4.6. Optimization Details
The training process integrates noise injection and early stopping to enhance model performance and robustness. During the initial training phase, substantial noise is introduced to encourage the model to escape local minima, promoting stochasticity and enabling better exploration of the parameter space. As training progresses, the noise level is gradually reduced, allowing the model to stabilize and converge to an optimal solution. This approach improves the model’s ability to explore complex parameter spaces, enhances generalization, and mitigates overfitting risks. Early stopping is implemented with a tolerance of 5 epochs, and the signal-to-noise ratio (SNR) increases by 0.1 dB per step.
The training and validation datasets are generated using either a point target model or an RTX ray-tracing model, with 1 million training samples per SNR scenario and 2000 validation samples. The adamW optimizer is employed with a learning rate of lr = 10−4, a weight decay of 0.01, and a batch size of 512. Binary Cross-Entropy Loss (BCELoss) is used for model evaluation, where the raw logits are directly utilized for loss computation to avoid numerical instability and improve computational efficiency without explicitly applying the Sigmoid function.
Given the weaker performance of accumulated detection under extremely low SNR for non-fluctuating targets, the model is trained exclusively on non-fluctuating target scenarios. More specifically, the RD-Transformer is trained on non-fluctuating point-target echoes with additive white Gaussian receiver noise over a wide SNR range.
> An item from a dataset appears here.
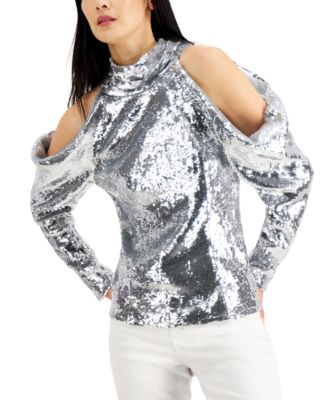 silver blouse macys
During evaluation (
Section 5), the trained model is directly applied, without any fine-tuning, to test sets that introduce Swerling I–IV amplitude-fluctuation statistics and a broader range of target kinematics using both Sinc-based and RTX-based echo synthesis. The fact that the detector maintains its SNR advantage across these unseen fluctuation models indicates that the reported gains do not rely on an exactly matched Swerling/noise configuration at training and test time but instead reflect robustness to this family of simulated distribution shifts. The resulting model is generalized across various Swerling cases to ensure robust detection in diverse signal environments.
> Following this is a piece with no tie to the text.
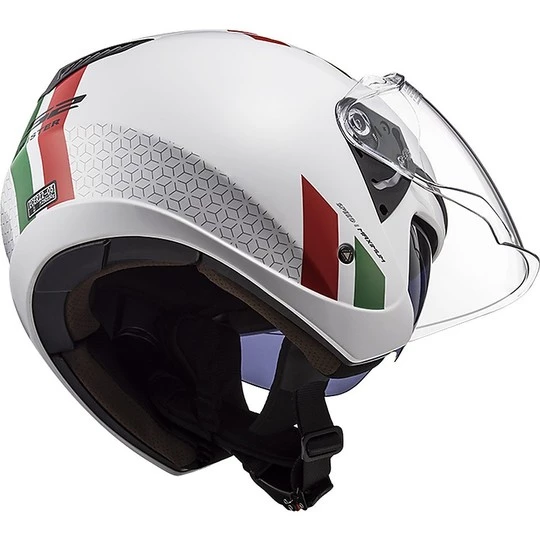 Bon marché 🔔 Casque Jet Ls2 Double Visor Ls2 OF573 TWISTER 2 Combo Blanc Vert Rouge 🥰 – Image 2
5. Experiments and Results
We evaluated the performance of the RD-Transformer model in detecting extremely weak targets under noisy backgrounds, utilizing 10-pulse accumulation, and compared it against the state-of-the-art energy accumulation detection methods in radar systems. Experimental results demonstrate that the model consistently achieves target detection while satisfying the required false alarm constraints across all target fluctuation scenarios. Notably, this includes cases where the signal-to-noise ratio (SNR) of the received echoes is significantly lower than the critical SNR required by optimal energy accumulation detection to achieve a specified detection probability. To make the presentation of these results clearer,
Section 5.2 provides qualitative detection examples at representative SNR values,
Section 5.3 reports quantitative detection probability versus SNR curves under different Swerling fluctuation models,
Section 5.4 analyzes false alarm behavior as a function of the detection gate,
Section 5.5 presents ablation experiments isolating the contributions of cross-attention, dual encoders, and sliding-window preprocessing, and
Section 5.6 summarizes the inference latency of small- and large-scale RD-Transformer models.
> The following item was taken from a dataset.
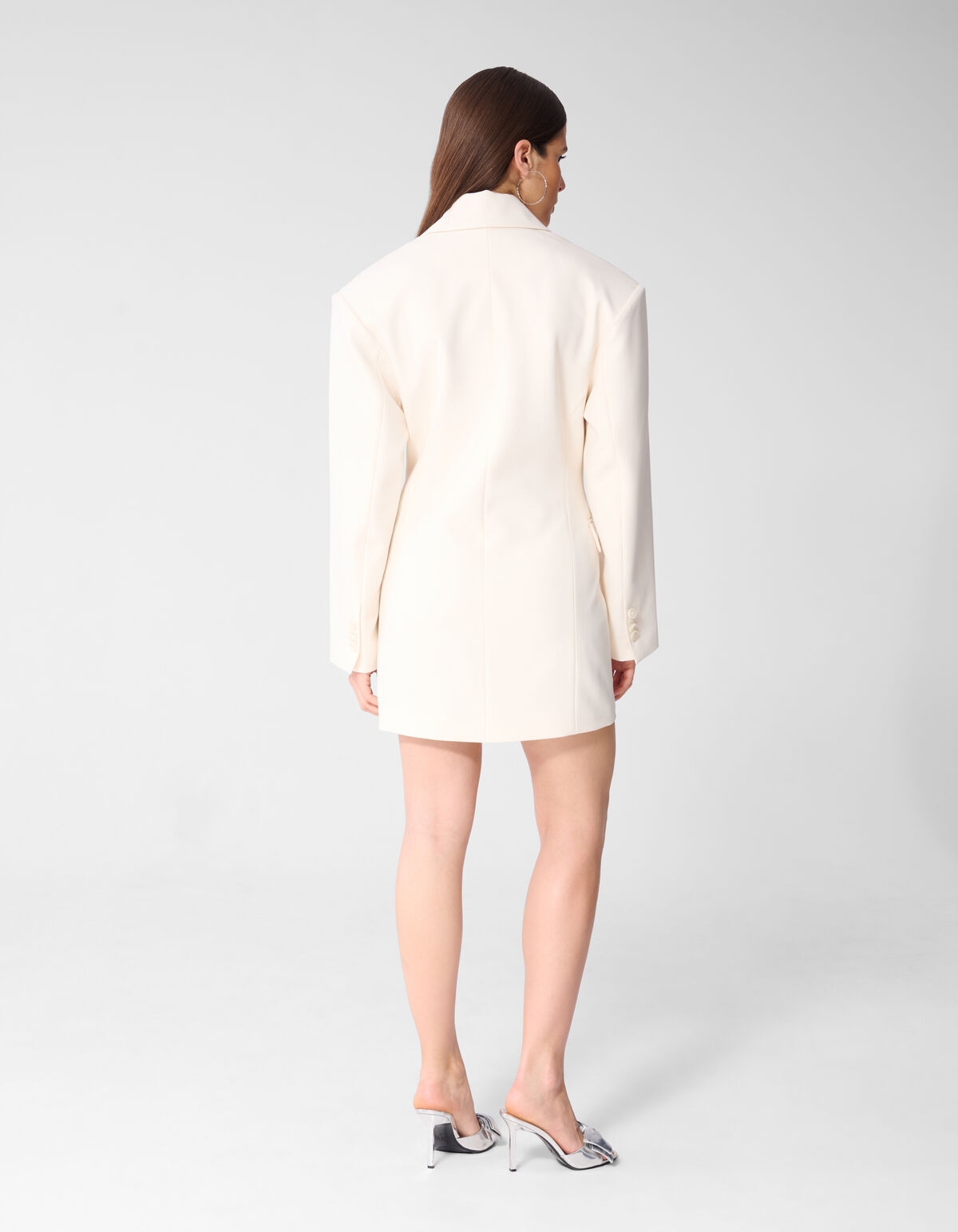 Blazer Mini Jurk Gebroken Wit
5.1. Data Preparation Details
The existing number of observed samples is too small compared to the scale of model parameters, making it difficult for the model to converge even with existing real experimental data samples. Therefore, we employ Sinc method data preparation and ray tracing method data preparation to achieve high-confidence generation of target-received echo signals under different scenarios and motion states. The Sinc method has low computational complexity but low fidelity, while the ray tracing method has high computational complexity but high fidelity. Both methods are used simultaneously in this experiment to achieve a balance between computational complexity, sample size, and sample quality.
5.1.1. Parameter Settings
Basic parameters include radar transceiver-related parameters and target motion characteristic parameters. Among them, radar transceiver-related parameters include carrier frequency
Fc = 1 GHz, sampling rate
Fs = 10 MHz, baseband signal bandwidth
B = 1 MHz, pulse width
PW = 10 us, linear frequency modulation signal waveform, transmit-receive antenna gains (
Gtx =
Grx = 35 dB), equivalent noise temperature
T = 293.5 K, load resistance of 50 Ω, noise factor of 3 dB, pulse repetition interval
PRI = 100 μs and coherent accumulation pulse number
N = 10. Target motion characteristic parameters include target position, velocity, acceleration, and jerk, with parameters set within observable distance and velocity ranges, and specific parameter values generated through uniform distribution random sampling during training. The parameters are detailed in
Table 1.
5.1.2. Sinc Method Data Preparation
The received echo signals obtained by radiating with different signals are generally subjected to pulse compression processing to form peaks, followed by subsequent accumulation processing. Therefore, our work refers to the relevant work [
6] based on the point target model, using the Sinc function to achieve rapid generation of echoes in different scenarios. Considering the motion characteristics of the target, the construction method of target echo generation is as follows:
representing the radial motion of the target relative to the reference position, where
is the reference range for Taylor expansion, and
represents the radial displacement function defined in Equation (16). Due to the motion process, the function has high-order derivatives, so the Taylor series expansion around τ = 0 relative to the reference position is
In the current study, reference [
61] and others have shown that using a third-order approximation can effectively reflect the motion characteristics of the target. Based on the third-order derivatives (k = 3), the target’s velocity, acceleration, and jerk are denoted as, respectively:
The fluctuation characteristics of the target RCS were modeled using the Swerling framework. Considering that slow fluctuations exhibit stability within a coherent pulse interval (CPI) but vary across scans (between different CPIs), the detection process focuses on accumulation within a single CPI. Consequently, scenarios involving slow-fluctuation targets (Swerling I and Swerling III) were consolidated for analysis.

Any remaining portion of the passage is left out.